> Records provided
____________________

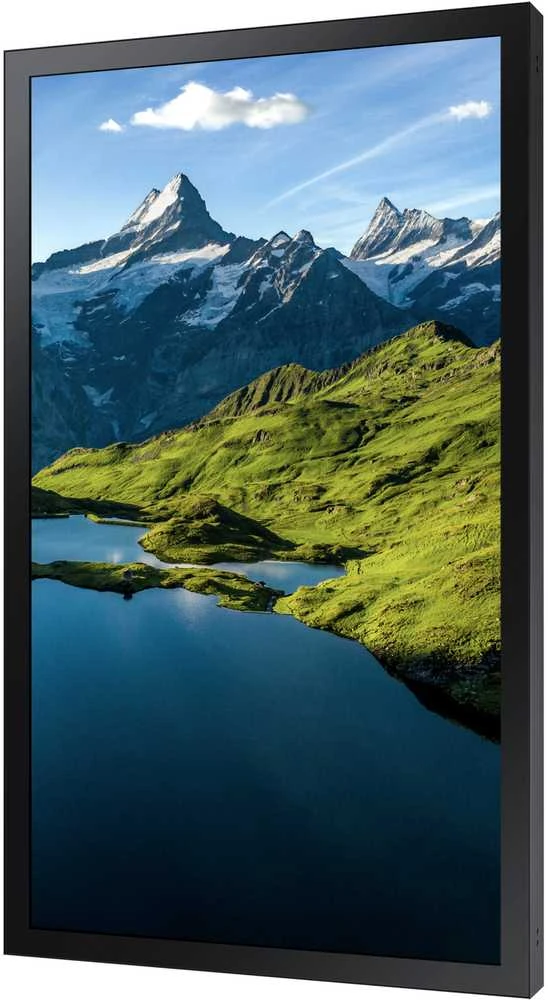 Monitorius SAMSUNG 75" OH75A UHD 3500 NITS 24/7 OUTDOOR HIGH BRIGHTNESS SOC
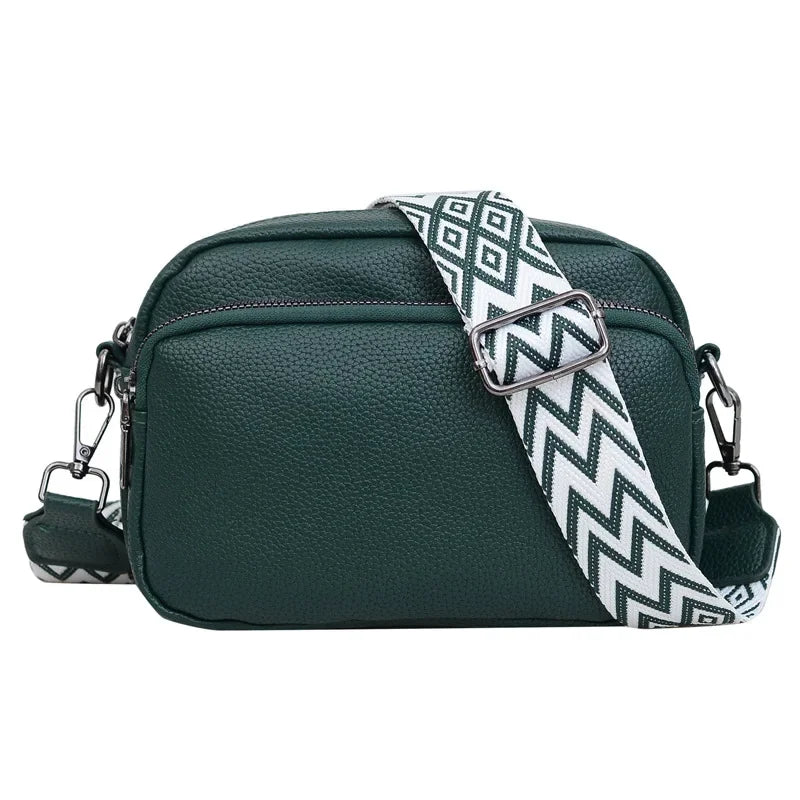 Elegante Crossbody Schoudertas van Hoogwaardig PU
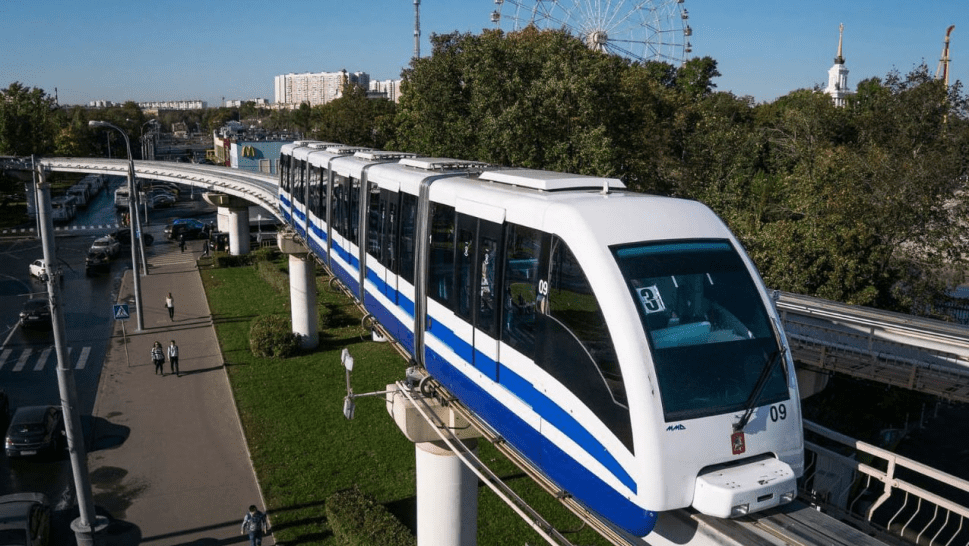 Парк вместо Московского монорелься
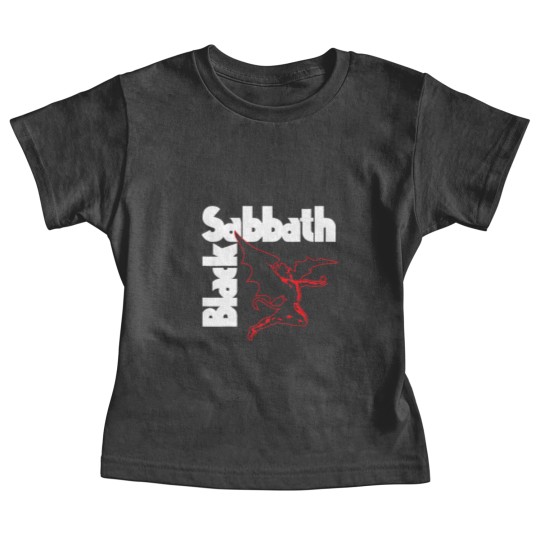 Discover Black Sabbath Creature Unisex Baby Tees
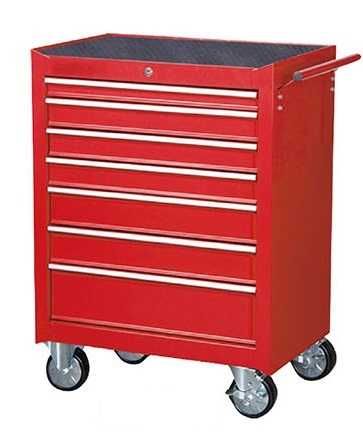 Количка за инструменти 7 секции с лагери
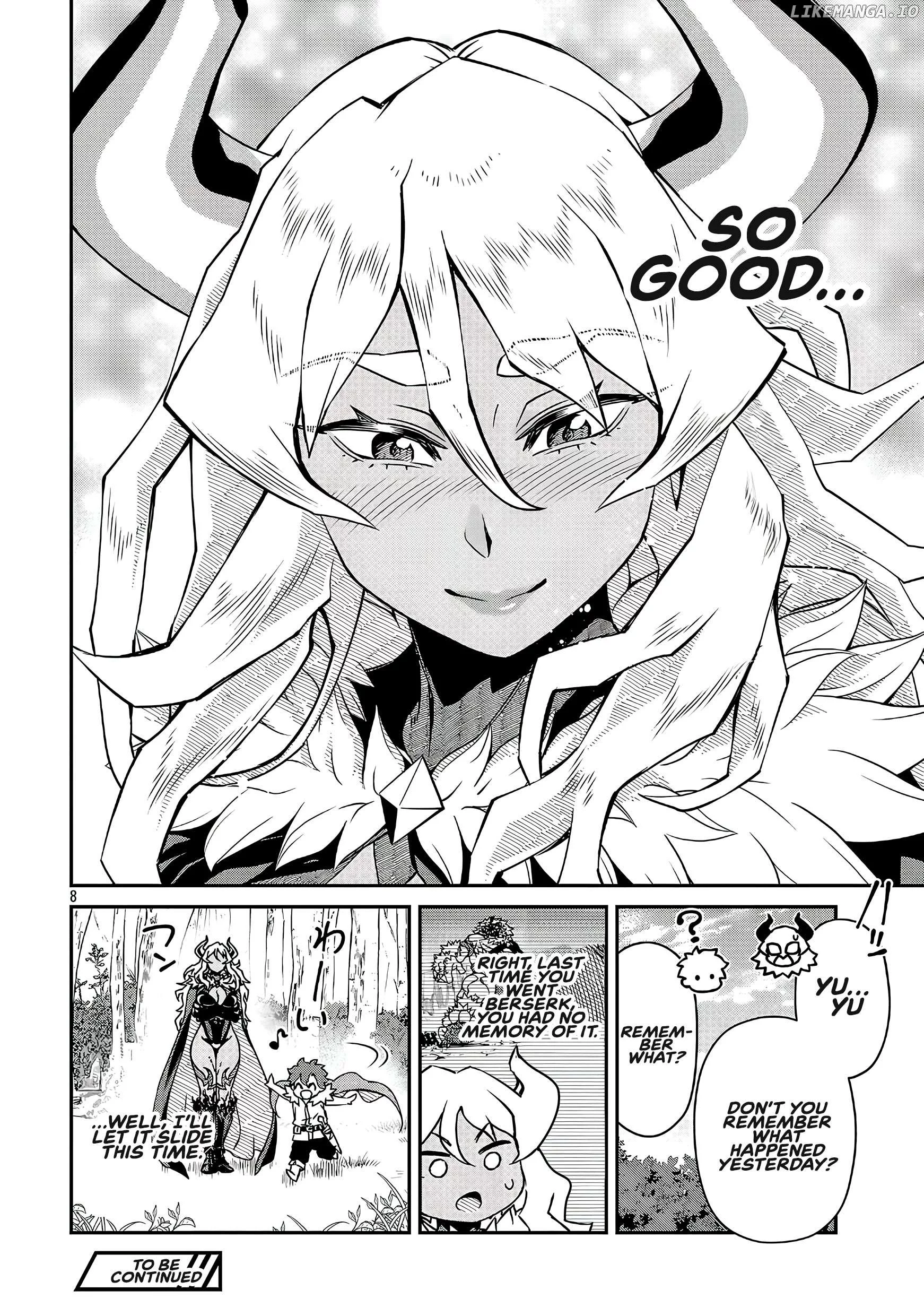 Onnamaou-Sama Wa Yuusha-Kun O Taosenai. Chapter 20 page 8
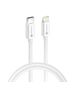 FORCELL cable Type C to Lightning 8-pin MFi 3A/9V 30W (Max) C901 1m white FOCB-172052 65109 έως 12 άτοκες Δόσεις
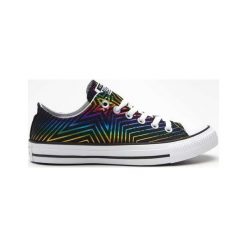 Converse 565439C BLACK/WHITE/BLACK, trampki. Białe trampki i tenisówki damskie Converse, bez wzorów, z gumy, eleganckie, bez zapięcia. Za 299.00 zł.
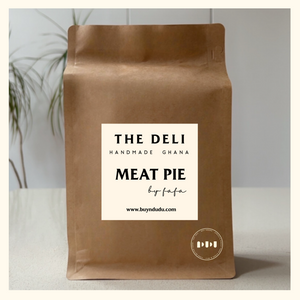 Original Ghana Meat Pie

____________________

> Problem to solve
Set down the material above exactly as it reads, but not its pictures.

> Solution
 Monitorius SAMSUNG 75" OH75A UHD 3500 NITS 24/7 OUTDOOR HIGH BRIGHTNESS SOC
 Elegante Crossbody Schoudertas van Hoogwaardig PU
 Парк вместо Московского монорелься
 Discover Black Sabbath Creature Unisex Baby Tees
 Количка за инструменти 7 секции с лагери
 Onnamaou-Sama Wa Yuusha-Kun O Taosenai. Chapter 20 page 8
 FORCELL cable Type C to Lightning 8-pin MFi 3A/9V 30W (Max) C901 1m white FOCB-172052 65109 έως 12 άτοκες Δόσεις
 Converse 565439C BLACK/WHITE/BLACK, trampki. Białe trampki i tenisówki damskie Converse, bez wzorów, z gumy, eleganckie, bez zapięcia. Za 299.00 zł.
 Original Ghana Meat Pie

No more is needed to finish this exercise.